McChord Air Museum
Museum Location and Access
McChord Air Museum, founded in 1982 by the McChord Air Museum Foundation, is located on the grounds of the Joint Base Lewis-McChord complex, approximately a 1-hour drive south of Seattle, WA. All museums visitors without a federal DoD ID card must first obtain a Visitor Pass at the McChord Field Main Gate Visitors Center. Since you will be driving your own vehicle on the base grounds a valid driver license, registration and insurance is also required. View the museum’s website for detailed base entry requirements.
AirMuseumGuide.com would like to thank Ray Jordan, McChord Air Museum Curator, for all the help and information provided during our visit.
517 Barnes Blvd, McChord AFB, WA 98438
Wednesday through Friday, 12:00 p.m. to 4:00 p.m. (closed on Thanksgiving, Christmas and New Years day)
McChord Air Museum
|5th St, McChord AFB, WA 98438, USA|
Historic Control Tower
McChord Air Museum consists of three separate locations: the Main Building, Heritage Hill Airpark and the Restoration Hangar. The unique attraction of the Main Building is the top section of McChord’s first free standing control tower, originally built in 1952. After deactivation in 1995, the top 36 feet of the tower were relocated and attached to the museum’s Main Building. Today, the museum’s gift shop occupies the bottom portion of the tower. Visitors can also climb to the very top to view the original tower equipment and catch a glimpse of Mt. Rainier, weather permitting.
Main Building exhibits
The museum’s Main Building displays photos, documents and other artifacts depicting McChord’s history and all the Air Force units that served here since 1938 when Tacoma Field was officially transferred to the federal government. Three years later, the airfield was renamed McChord Field in honor of Army Air Corps Col. William McChord. Colonel McChord died in a crash in 1937 while piloting a Northrop A-17 attack bomber. Other displays in the building include a C-141B Cockpit Familiarization Trainer, B-25 nose and an F-106 Delta Dart Aircrew Training Device.
Heritage Hill Airpark
All museum’s historic aircraft are displayed on the beautifully maintained Heritage Hill Airpark, not far from McChord’s main runway. Two largest planes in the collection, the Douglas C-124C Globemaster II (s/n 52-0994) and Lockheed C-141B Starlifter (s/n 65-0277), are positioned in the northern end of the park, right next to the main parking lot. They might soon be joined nearby by a recently restored Lockheed C-130E Hercules currently awaiting a move to the Hill from the Restoration Hangar.
Bolo and Dragon
All aircraft types displayed on the Heritage Hill were either stationed at McChord Field or are somehow connected with the base. The Douglas B-18A Bolo (s/n 37-505), a medium bomber based on a DC-2 commercial airliner, became the first aircraft assigned to the McChord base in 1940. It was soon joined by its refined version, a Douglas B-23 Dragon (s/n 39-0036), the first operational American bomber equipped with a tail gun. Both bombers were not very successful and were soon relegated to mostly training duties. Bolo’s and Dragon’s neighbors on the Hill include a Beech UC-45J Expeditor (s/n 52-10513) and Douglas TC-47D Skytrain (s/n 44-76502) painted in the characteristic black and white invasion stripes.
Fairchild C-82 Packet
Another cargo plane displayed in the airpark is a Fairchild C-82A Packet (s/n 48-0574). This twin-boom aircraft saw limited use due to numerous design problems but paved the way for the much more successful Fairchild C-119 Flying Boxcar. In popular culture, the C-82 Packet is probably best known for its appearance in the 1965 movie The Flight of the Phoenix. Today only four surviving examples of the Fairchild C-82A Packet are on display in US aviation museums.
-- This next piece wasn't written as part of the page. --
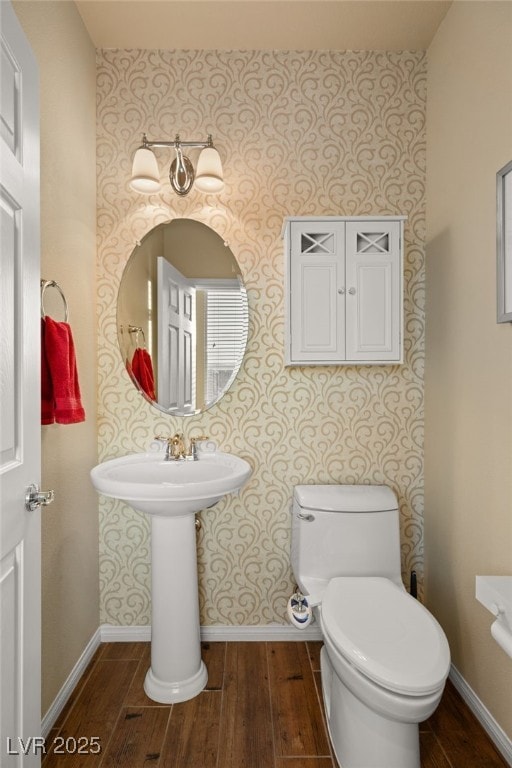 bathroom featuring baseboards, toilet, wood finished floors, and wallpapered walls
Shooting Star and Sabre Dog
T-33 trainer jets, designed by the famous Clarence “Kelly” Johnson, were a common sight at McChord for almost 40 years. The museum’s Lockheed T-33A Shooting Star (s/n 58-2106) was the last “T-Bird” built for the USAF. Its neighbor, a North American F-86D Sabre (s/n 52-3669), represents aircraft that were stationed at McChord throughout the 1950s.
Jets in a circle
There are also five other jets displayed on the Hill, arranged in a circle. One of them, a Fairchild Republic A-10A Thunderbolt II (s/n 75-0270), was the twelfth produced “Warthog”. Another, a Convair F-106A Delta Dart (s/n 56-0459), was the lead plane flown for the USAF’s World Speed Record operation named “Project Firewall”. The “circle” also includes a Convair F-102A Delta Dagger (s/n 56-1515), McDonnell Douglas F-15A Eagle (s/n 76-0048) and McDonnell CF-101F Voodoo (s/n 101022).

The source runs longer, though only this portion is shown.